I am running Linux Ubuntu 16.04.1 LTS (GNU/Linux 4.4.0-51-generic x86_64) in virtual machine.

When I am trying to write memory in my process, sometimes it works but sometimes lldb-server goes unresponsive. It spins with 100% CPU utilization and does not respond to any signals except SIGKILL.

I tried to debug it, but under debugger everything works perfectly :). Here are a couple observations:

  1. I believe that lldb-server spins inside ptrace. I put breakpoint on the highlighted line, and it does not hit. If I put breakpoint on line before, it hits but lldb-server hangs.

Error

NativeProcessLinux::PtraceWrapper(int req, lldb::pid_t pid, void *addr, void *data, size_t data_size, long *result)

{

Error error;

long int ret;

Log *log (ProcessPOSIXLog::GetLogIfAllCategoriesSet (POSIX_LOG_PTRACE));

PtraceDisplayBytes(req, data, data_size);

errno = 0;

if (req == PTRACE_GETREGSET || req == PTRACE_SETREGSET)

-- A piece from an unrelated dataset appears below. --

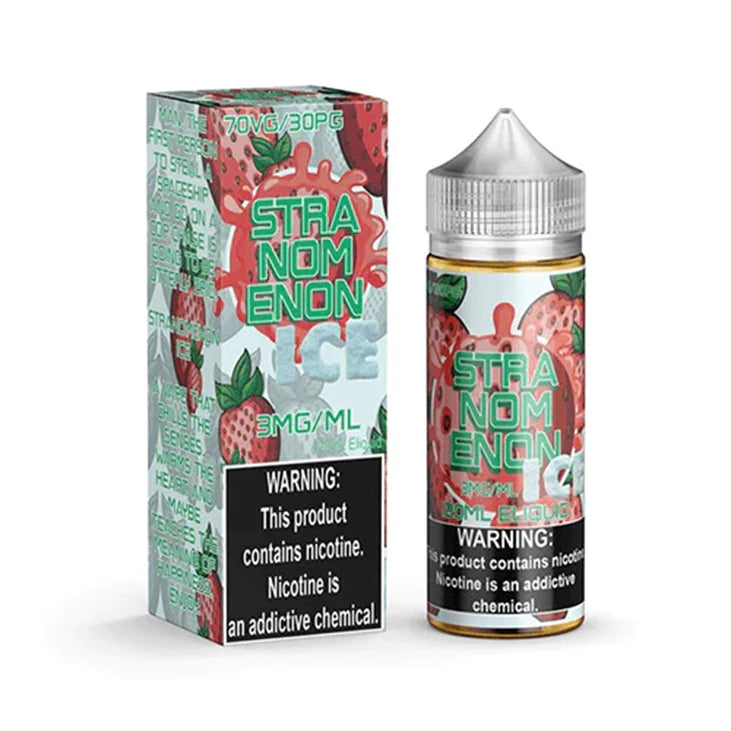 NOMS ICE E-JUICE 6MG 120ML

ret = ptrace(static_cast<__ptrace_request>(req), static_cast< ::pid_t>(pid), *(unsigned int *)addr, data);

else

ret = ptrace(static_cast<__ptrace_request>(req), static_cast< ::pid_t>(pid), addr, data);

if (ret == -1)

error.SetErrorToErrno();

  1. It seems that hang is caused by the client trying to read response too fast. I mean, if I step through the client code it works - i.e. there is significant delay between client writing into pipe and issuing ::select to wait for response.

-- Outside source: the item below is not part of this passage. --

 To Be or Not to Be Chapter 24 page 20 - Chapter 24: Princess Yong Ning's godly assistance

Any advice how to deal with the situation except putting random sleeps in random places?

Thanks,

Eugene

Hello Eugene,

this sounds troubling, and I'd like to get to the bottom of this. If
you can get me a bit more information about this, I believe we can
figure it out:

- could you get a backtrace of lldb-server when it is in the "stuck"
state (just attach with lldb/gdb after it hangs and do "bt")? I want
to see the where is it spinning, as I don't see any obvious infinite
loop there.

- are you able to still reproduce the bug with logging enabled? If so,
I'd like to see the log file to understand this better. (You can
enable logging by starting lldb-server with: --log-file XXX.log
--log-channels "lldb all:linux all". If you're starting it via lldb
client you can set the LLDB_DEBUGSERVER_LOG_FILE and
LLDB_SERVER_LOG_CHANNELS environment vars to achieve this)

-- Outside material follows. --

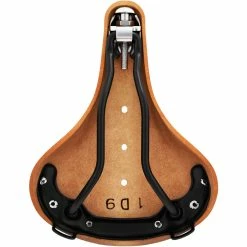 Selle Femme Brooks England B17 Standard S 44 Selle Femme Brooks England B17 Standard S -Selles et tiges Soldes Brooks England B17 Short Saddle Saddles Honey B211DA07203 5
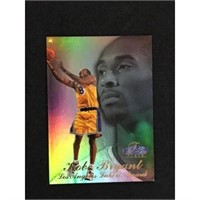1998 Flair Showcase Kobe Bryant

- If you can get me reasonably detailed repro steps, I can try to
investigate (I am fine with the first step being "install ubuntu 16.04
in virtualbox")

Hi,
1. I believe that lldb-server spins inside ptrace. I put breakpoint on the
highlighted line, and it does not hit. If I put breakpoint on line before,
it hits but lldb-server hangs.

Do you mean actually inside the ptrace(2) syscall? Your description
would certainly fit that, but that sounds scary, as it would mean a
kernel bug. If that's the case, then we have to start looking in the
kernel. I have some experience with that, but If we can boil this down
to a simple use case, we can also ask the kernel ptrace folks for
help.

2. It seems that hang is caused by the client trying to read response too
fast. I mean, if I step through the client code it works - i.e. there is
significant delay between client writing into pipe and issuing ::select to
wait for response.

I am not sure how this fits in with the item above. I find it hard to
believe that the presence of select(2) in one process would affect the
outcome of ptrace() in another. Unless we are actually encountering a
kernel scheduler bug, which I find unlikely. Hopefully we can get more
insight here with additional logging information.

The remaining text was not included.